In the quiet afterward, I stay close to him, half hoping our bodies will melt together so we’ll be bound forever.

“Don’t go where I can’t follow,” I whisper. “Please.”

I will stay awake. I will. But sleep snatches me and drags me far from him. When I awake, it’s in a warm bed with a stone-cold Nick-sized patch along the length of my body. The frost spreads until it holds my heart hostage in its crystalline grip. Nick has left, I can feel it.

I can’t hate him for leaving me. How could I when all I’m capable of is loving him?

“What is it?”

I stare at the envelope in Morris’s outstretched hand. She waves it at me like I’m supposed to do something clever with it.

“It’s a letter.”

“Is it a bill? Because the utilities haven’t been all that reliable lately.”

She flips it at me. “It’s from lover man.”

“Nick?”

“Unless you’ve got another one stashed away.”

I snatch the envelope from her hands, pinch it between a finger and thumb. “He left.”

“Why didn’t you go with him?”

“I tried.”

“And he said no?”

So I fill her in on our pillow talk and watch as she shakes her head increasingly fast until I’m sure her head will pop clean off her shoulders.

“Shit, girl. You’re gonna follow him, aren’t you?”

With fingers stiff from anger, I stuff the letter into my pocket. “When hell freezes over. He left me.”

“You’re gonna follow him,” she says.

“Fuck him.”

“Right now, that’s just the anger talking.”

My anger talks a lot once I get to my room and hermetically seal myself off from the compassionate world.

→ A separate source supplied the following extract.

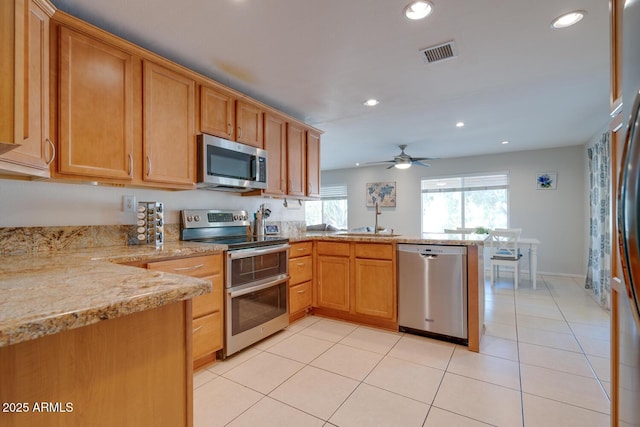 kitchen with sink, stainless steel appliances, light stone counters, light tile patterned flooring, and kitchen peninsula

Mostly it rants and raves about what a jerk Nick is for leaving, for not giving me a chance to go with him. He started this. He made the first move. He made me love him.

God, how I love him.

We’d been building up to this from the day I walked into his office with a head full of worry about that damn jar. I laugh bitterly because the jar started all this: the end of the world and me falling in love with Nick. With one smooth move, it destroyed, built, then devastated.

I fall to my knees, bury my face in my hands, and sob.

DATE: NOW

Delphi is more than ruins and remnants. There’s a souvenir shop, its postcards long gone, having fluttered off in a stiff wind, or perhaps decomposed into a pile of colorful pulp before being rinsed away by a cleansing rain. The rack still sits outside the shop, rusted and ready for new stock. One firm push would force it to turn with a reluctant squeal. Branches and leaves blow through town, past stores with names that mean nothing to me. I can guess, though, what they used to contain. Through one window, a baker’s peel is visible, long and leaning against the bakery wall. Four other walls hold up a roof from which meat hooks descend, brown with stale blood.